What is your beloved more than another beloved,
that you thus adjure us?
In essence, “What’s so special about him that gives us a clue on how to identify him?” In chp 6, verse 1, they ask this question:
6:1 Where has your beloved gone,
O fairest among women?
Which way has your beloved turned,
that we may seek him with you?
In essence, “Where is he?” and this question seems to tease out of her that she does indeed know where he is — for she answers that question.
This passage is delightful play in love — we find rhetorical questions designed to give the Shulamite woman an opportunity to extol the attributes — physical ones — of her shepherd lover.
The women of Jerusalem, functioning here much like the chorus in Greek plays, give voice to questions that the woman wants to answer. I suggest you and I can play this role at times, perhaps asking this sort of thing:
Why do you love your wife?
What is about your wife that makes you love her so much?
Why do you love your husband?
What is about your husband that makes you love him so much?
These aren’t questions designed for information.
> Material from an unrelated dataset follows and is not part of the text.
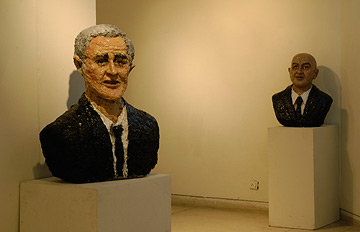 Farid Ahmed Khurrami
These are questions designed to get someone to open up, to bring into the bright light of day just what they feel and what they love and what brings them life’s greatest delights. Perhaps in your question you might touch it up the way the women of Jerusalem did: “O fairest among women.”
You might lead your friend to “find” (as this woman “found” her lover) the one they love. And perhaps most importantly, this finding won’t simply be presence but a deeper awareness of what it is about the other that your friend loves.